For all its growth, Amazon’s ad business has yet to make real inroads into brand budgets. Most advertisers tend to be wowed by Amazon’s ability to drive direct response. But voice technology could change that, particularly if Amazon looks to install Alexa into more cars.
While Amazon continues to lead the smart speaker market, both Google and Apple have the advantage of having their voice assistants built into smartphones. Cars could be a way to push Alexa further into the mobile space, as well as get Amazon’s ad business closer to those marketers with some of the biggest brand marketing budgets available.
“Buick’s addition to the growing list of voice-enabled cars is one step closer to Amazon’s vision of ‘Alexa everywhere’”, said Steff Preyer, business director at voice agency Rabbit & Pork. “Rather than thinking of voice search as a standalone activity that occurs within the home, voice is on its way to becoming an omnipresent channel, so that you can fire a command at an inanimate object at any point of your day and expect to get a response.”

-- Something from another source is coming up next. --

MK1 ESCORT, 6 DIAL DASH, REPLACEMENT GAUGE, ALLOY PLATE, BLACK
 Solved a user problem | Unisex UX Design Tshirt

Buick’s fledgling partnership with Amazon is indicative of a wider trend among automotive advertisers.
In a year where physical retail was, by and large, shut for more than three months of the year, more people bought products online and plan to continue doing so even as lockdown measures ease. In turn, car manufacturers have stepped up their pursuit of online sales.
France’s PSA, Volkswagen and Daimler have all tested car-based e-commerce strategies in recent months, reported the Financial Times.